Texas senators granted final approval to a bill imposing additional voting restrictions on Tuesday, sending it to the desk of Republican Gov. Greg Abbott, who said in a statement that he will sign it into law.
Abbott’s signature would add Texas, where Republicans are attempting to maintain power in one of the country’s fastest-growing and diverse states, to a list of states, including Florida and Georgia, that are attempting to capitalize on former President Donald Trump’s lies about election fraud and enact restrictive legislation this year.
Democrats had fled the state for weeks in order to prevent the House from having a quorum to vote on the bill, forcing Abbott to call the Legislature into two special sessions to address what the second-term Republican mischaracterized as “election integrity,” despite the fact that there was no evidence of widespread voter fraud in Texas.
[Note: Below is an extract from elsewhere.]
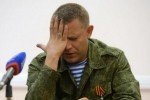 СБУ отримала доступ до телефонних розмов ватажка бойовиків "ДНР" Захарченка – ухвала суду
The bill “will solidify faith and confidence in the outcome of our elections by making it easier to vote and more difficult to cheat,” Abbott said in a statement released Tuesday following the measure’s final passage in the state House and Senate. “I look forward to signing Senate Bill 1 into law and safeguarding Texas election integrity.”
When some Democrats returned to the Capitol in Austin last week, they found themselves helpless to resist changes to election laws that their leaders claim will impose costs that disproportionately affect minorities and persons with disabilities.
“I was born in segregation,” Democratic state Rep. Garnet Coleman said before Tuesday’s House before the vote. “We think we’ve made progress, and then all of a sudden there’s a new law that moves us back in time.”
Senate Bill 1 targets Harris County, Houston’s home county, which allowed drive-thru voting and 24-hour early voting last year. The law limits counties’ ability to conduct early voting between the hours of 6 a.m. and 10 p.m. It also prohibits techniques like the ones utilized by Harris County in 2020, when a garage at the Toyota Center — home of the Houston Rockets — was used as a location for residents to vote from their cars.